Beauvillé développe ses propres collections de nappes, serviettes, sets de table, chemins de table et accessoires. Les motifs sont imaginés ou adaptés par le service artistique, puis imprimés et confectionnés à Ribeauvillé.

Des créations emblématiques, à l’image de Topkapi, deviennent les signatures de la Maison. En 1994, un partenariat avec la manufacture allemande Dibbern prolonge également certains motifs Beauvillé sur la porcelaine, permettant de composer des univers de table coordonnés.

En 1996, une boutique ouvre sur le site de Ribeauvillé et offre au public un accès direct aux collections de la Maison.

Un savoir-faire entièrement préservé à Ribeauvillé

La singularité de Beauvillé réside dans la concentration, sur un même site, de métiers devenus rares.

Coloristes, créateurs, graveurs, imprimeurs au cadre plat, ennoblisseurs, couturières et équipes chargées du contrôle qualité participent à la réalisation de chaque collection.

Contrairement à une maison de tissage, Beauvillé ne file pas et ne tisse pas le coton. Son expertise réside dans la création des motifs, le travail de la couleur, l’impression textile et la confection du linge de table.

Chaque couleur nécessite son propre cadre. Chaque passage doit être parfaitement positionné afin que le dessin apparaisse avec précision. Après l’impression viennent les opérations d’ennoblissement, le droit-fil, la confection et le contrôle qualité.

Cette maîtrise permet à Beauvillé de proposer un linge de table haut de gamme entièrement réalisé en France, dans le respect de son identité et de ses exigences de qualité.

2009 : la reconnaissance Entreprise du Patrimoine Vivant

En 2009, la Manufacture reçoit le label Entreprise du Patrimoine Vivant.

Cette distinction de l’État français récompense les entreprises qui détiennent des savoir-faire artisanaux ou industriels d’excellence. Elle reconnaît à la fois la rareté des métiers préservés à Ribeauvillé, la maîtrise des techniques d’impression et la capacité de la Manufacture à transmettre son patrimoine.

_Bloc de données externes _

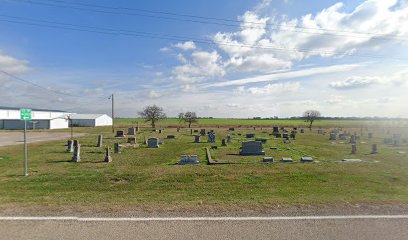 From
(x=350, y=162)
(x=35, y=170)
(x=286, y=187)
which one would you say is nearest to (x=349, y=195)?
(x=286, y=187)

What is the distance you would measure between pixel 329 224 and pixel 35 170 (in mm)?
11911

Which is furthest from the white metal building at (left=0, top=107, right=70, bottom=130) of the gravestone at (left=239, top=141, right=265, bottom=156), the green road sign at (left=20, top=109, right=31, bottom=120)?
the green road sign at (left=20, top=109, right=31, bottom=120)

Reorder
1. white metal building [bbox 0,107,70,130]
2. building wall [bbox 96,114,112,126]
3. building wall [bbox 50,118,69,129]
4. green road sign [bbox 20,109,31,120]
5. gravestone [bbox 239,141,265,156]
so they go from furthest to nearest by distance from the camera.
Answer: building wall [bbox 96,114,112,126] < building wall [bbox 50,118,69,129] < white metal building [bbox 0,107,70,130] < gravestone [bbox 239,141,265,156] < green road sign [bbox 20,109,31,120]

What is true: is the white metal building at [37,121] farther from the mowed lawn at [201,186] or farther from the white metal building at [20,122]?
the mowed lawn at [201,186]

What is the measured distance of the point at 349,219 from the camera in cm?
496

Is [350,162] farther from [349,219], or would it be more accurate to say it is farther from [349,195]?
[349,219]

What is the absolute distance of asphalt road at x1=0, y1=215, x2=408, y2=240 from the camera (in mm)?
4219

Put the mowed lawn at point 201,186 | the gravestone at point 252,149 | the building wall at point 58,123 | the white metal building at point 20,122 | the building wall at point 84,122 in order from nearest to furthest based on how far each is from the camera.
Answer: the mowed lawn at point 201,186 < the gravestone at point 252,149 < the white metal building at point 20,122 < the building wall at point 58,123 < the building wall at point 84,122

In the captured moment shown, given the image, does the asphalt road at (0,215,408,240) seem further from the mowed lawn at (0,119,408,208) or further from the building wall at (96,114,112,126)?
the building wall at (96,114,112,126)

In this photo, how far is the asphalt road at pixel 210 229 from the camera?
422cm

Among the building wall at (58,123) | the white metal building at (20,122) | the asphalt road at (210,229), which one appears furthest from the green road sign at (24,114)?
the building wall at (58,123)

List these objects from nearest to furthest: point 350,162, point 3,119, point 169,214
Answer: point 169,214, point 350,162, point 3,119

Ce label vient consacrer une histoire exceptionnelle, mais également un engagement quotidien : continuer à faire vivre ces gestes et à les inscrire dans les créations contemporaines.

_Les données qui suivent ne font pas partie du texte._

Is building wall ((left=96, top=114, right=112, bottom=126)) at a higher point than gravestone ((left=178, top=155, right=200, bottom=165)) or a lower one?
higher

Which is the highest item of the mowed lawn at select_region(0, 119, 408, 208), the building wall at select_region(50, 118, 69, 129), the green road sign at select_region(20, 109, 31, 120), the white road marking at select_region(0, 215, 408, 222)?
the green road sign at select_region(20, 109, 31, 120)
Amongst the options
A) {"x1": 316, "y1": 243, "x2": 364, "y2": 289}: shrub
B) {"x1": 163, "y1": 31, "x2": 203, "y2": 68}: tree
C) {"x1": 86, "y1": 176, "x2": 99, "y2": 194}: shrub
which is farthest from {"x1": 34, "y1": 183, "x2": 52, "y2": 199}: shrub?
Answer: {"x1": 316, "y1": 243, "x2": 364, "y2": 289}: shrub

2023 : un espace muséal pour transmettre l’histoire de la Manufacture

En 2023, Beauvillé ouvre un espace muséal sur son site de Ribeauvillé sur l’initiative de Maxime Borin.

Archives, documents anciens, étoffes imprimées, planches de bois gravées et outils historiques y retracent plusieurs siècles d’évolution textile. Les visiteurs peuvent découvrir les techniques qui ont façonné la Manufacture, de l’impression à la planche au cadre plat à la main.

Plus qu’un lieu de mémoire, cet espace muséal Beauvillé témoigne de la volonté de transmettre un patrimoine vivant. Car les gestes présentés dans le musée ne sont pas seulement ceux du passé : ils continuent de faire vivre les collections imaginées et réalisées à Ribeauvillé.

Beauvillé aujourd’hui : faire vivre l’histoire à travers la création

Aujourd’hui, Beauvillé poursuit cette histoire en créant des collections où le patrimoine dialogue avec les inspirations contemporaines.

Chaque nappe, chaque serviette et chaque accessoire porte la mémoire d’un lieu, d’un motif et d’un geste. L’histoire ne se limite pas aux archives de la Manufacture : elle se prolonge sur les tables, dans les intérieurs et dans les moments de partage.

Depuis 1839, les techniques ont évolué, les styles se sont renouvelés et de nouvelles collections ont vu le jour. Une exigence demeure pourtant inchangée : celle de créer à Ribeauvillé des étoffes imprimées capables de traverser le temps.

Chez Beauvillé, l’histoire ne se contemple pas seulement. Elle s’imprime, couleur après couleur.